Exercise directions:
Print every line below exactly as written, but leave the pictures behind.

Data shown:
--- START ---

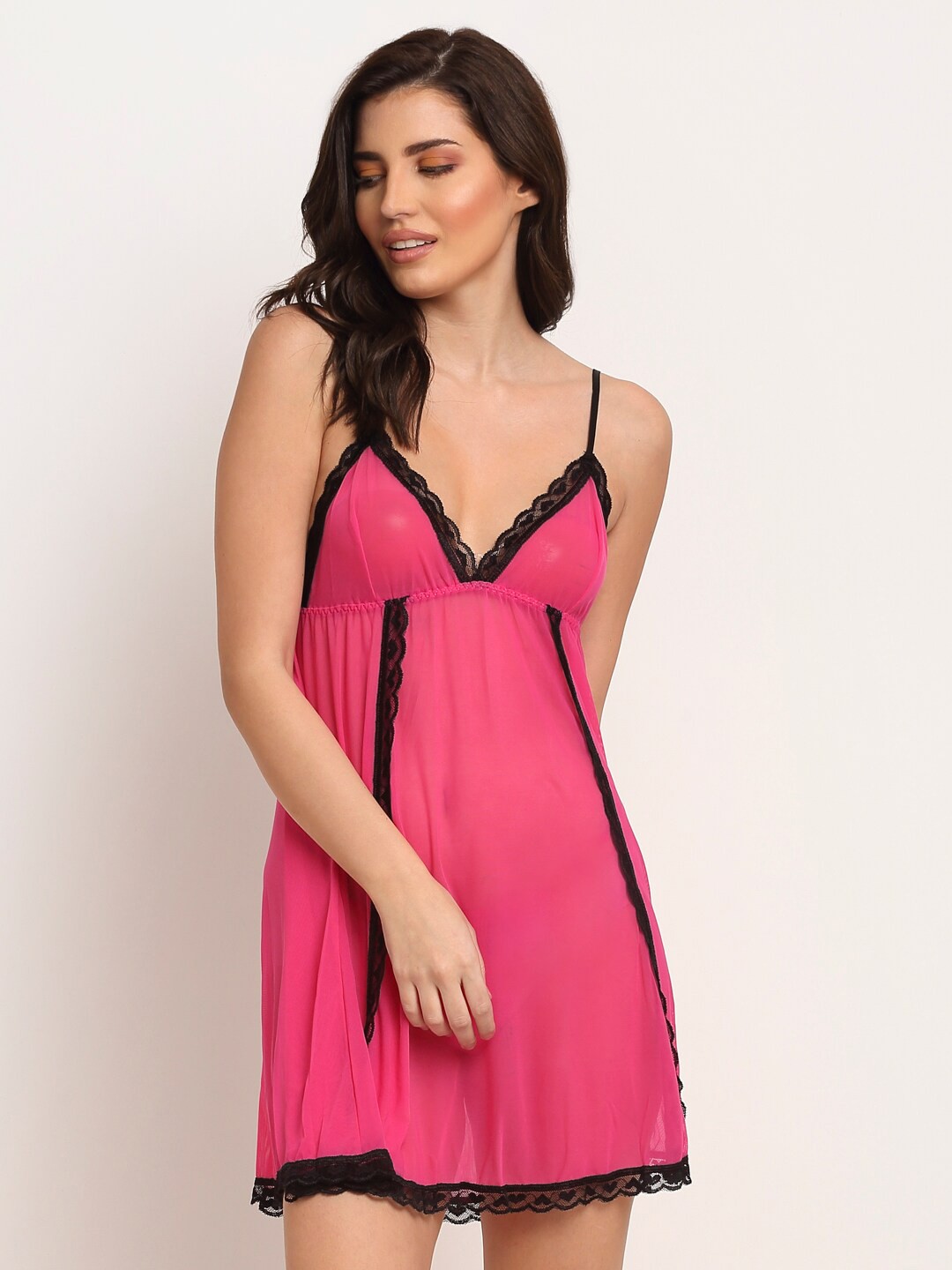 

Laceandme Pink & Blue Solid Baby Doll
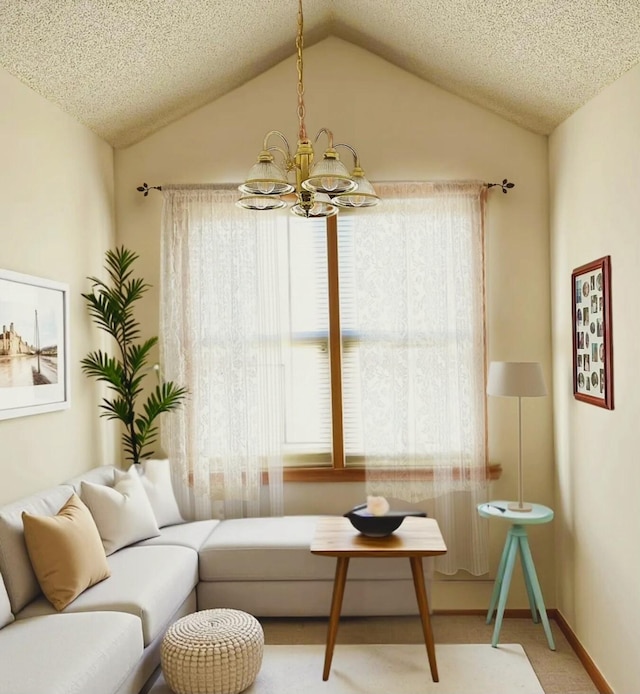 406 Rum River Dr, Princeton, MN 55371 - living area featuring a chandelier, lofted ceiling, baseboards, carpet, and a textured ceiling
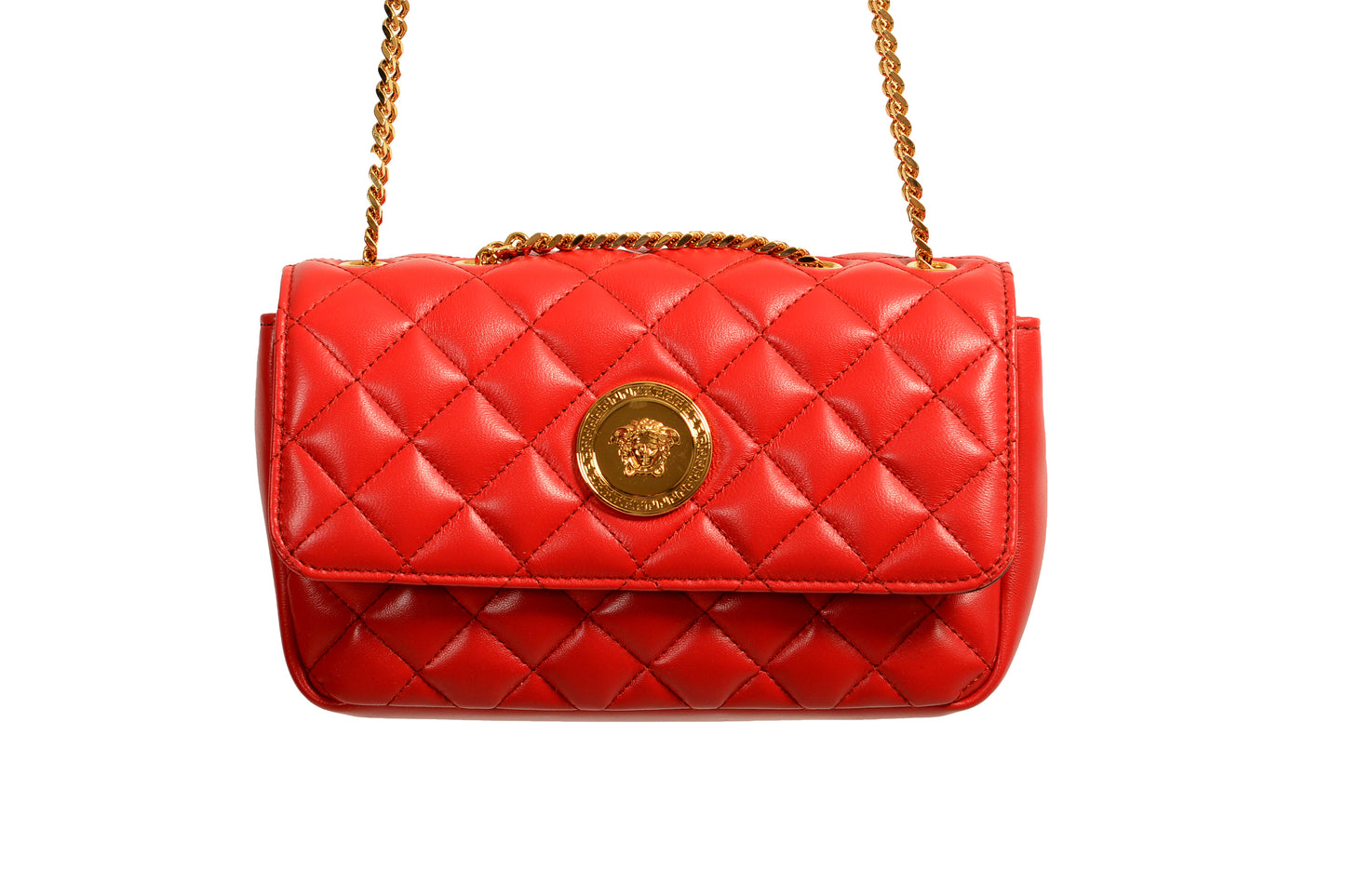 Versace Women's True Red Leather Gold Medusa Quilted Small Handbag Shoulder Bag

--- END ---

Output for this task:
Laceandme Pink & Blue Solid Baby Doll
 406 Rum River Dr, Princeton, MN 55371 - living area featuring a chandelier, lofted ceiling, baseboards, carpet, and a textured ceiling
 Versace Women's True Red Leather Gold Medusa Quilted Small Handbag Shoulder Bag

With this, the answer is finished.